Sunday, September 21, 2008

The Messier Astronomical Object Catalog

The Messier catalog was compiled by French astronomer Charles Messier (1730-1817). The original motivation behind the catalogue was that Messier was a comet hunter, and was frustrated by objects which resembled but were not comets.

He compiled the list of 110 objects ranging from M1 to M110. Objects in the list were Galaxies, Nebulae and Star Clusters. The first catalog containing objects M1 to M45 was published in 1774. The final 'now historic' version containing all 110 objects (M1 to M110) was released in 1781.

Because Messier lived and did his astronomical work in France, (in the Northern Hemisphere), the list he compiled contains only objects from the north celestial pole to a celestial latitude of about –35°. Many impressive Southern objects, such as the Large and Small Megallenic Clouds are excluded from the list because Messier did not observe them from his northern latitude location.

Messier objects are visible with binoculars or small telescopes (under favorable conditions) and are popular viewing objects for amateur astronomers.

In early spring, astronomers sometimes gather for "Messier marathons", when all of the objects can be viewed over a single night.

Following is a list of all 110 Messier objects and a description of each.

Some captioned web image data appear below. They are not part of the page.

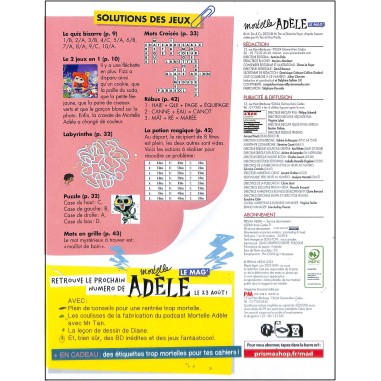 MORTELLE ADÈLE LE MAG'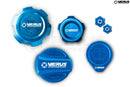 Verus Engineering Engine Bay Cap Kit, Anodized Blue - 21+ BMW M2/M3/M4 (G8X / S58)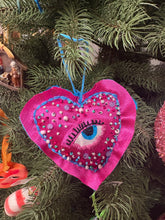 Load image into Gallery viewer, Hand Stitched and Embroidered Ornament 3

M1 The Crab Nebula supernova remnant in Taurus

M2 globular cluster in Aquarius

M3 globular cluster in Canes Venatici

M4 globular cluster in Scorpius

M5 globular cluster in Serpens Caput

M6 The Butterfly Cluster open cluster in Scorpius

M7 Ptolemy's Cluster open cluster in Scorpius

M8 The Lagoon Nebula (starforming nebula) in Sagittarius.

M9 globular cluster in Ophiuchus

M10 globular cluster in Ophiuchus

M11 The Wild Duck Cluster open cluster in Scutum

M12 globular cluster in Ophiuchus

M13 Great Hercules Globular Cluster globular cluster in Hercules

M14 globular cluster in Ophiuchus

M15 globular cluster in Pegasus

M16 Eagle or Star Queen Nebula starforming nebula in Serpens Cauda

M17 The Omega or Swan or Horseshoe or Lobster Nebula starforming nebula in Sagittarius

M18 open cluster in Sagittarius

M19 globular cluster in Ophiuchus

M20 The Trifid Nebula starforming nebula in Sagittarius is the star cluster region at upper right of center.

M21 open cluster in Sagittarius

M22 globular cluster in Sagittarius

M23 open cluster in Sagittarius

M24 Milky Way Patch star cloud (center) with open cluster NGC 6603 in Sagittarius

M25 open cluster in Sagittarius

M26 open cluster in Scutum

M27 The Dumbbell Nebula planetary nebula (lower-right) in Vulpecula

M28 globular cluster in Sagittarius

M29 open cluster in Cygnus

M30 globular cluster in Capricornus

M31, The Andromeda Galaxy is the brightest galaxy visible from Earth and is an easy naked-eye and binocular target for star gazers. M31 has two close neighbors, M32 and M110, both of which are much smaller and will eventually be absorbed by M31. This Grand Galaxy lies 2,900 light years (ly) from Earth and is due to collide with our galaxy, The Milky Way in about 1-Billion years. M31 was referred to as the "little cloud" to famous Persian astronomer Al-Sufi who depicted the object in his Book of Fixed Stars in 905AD.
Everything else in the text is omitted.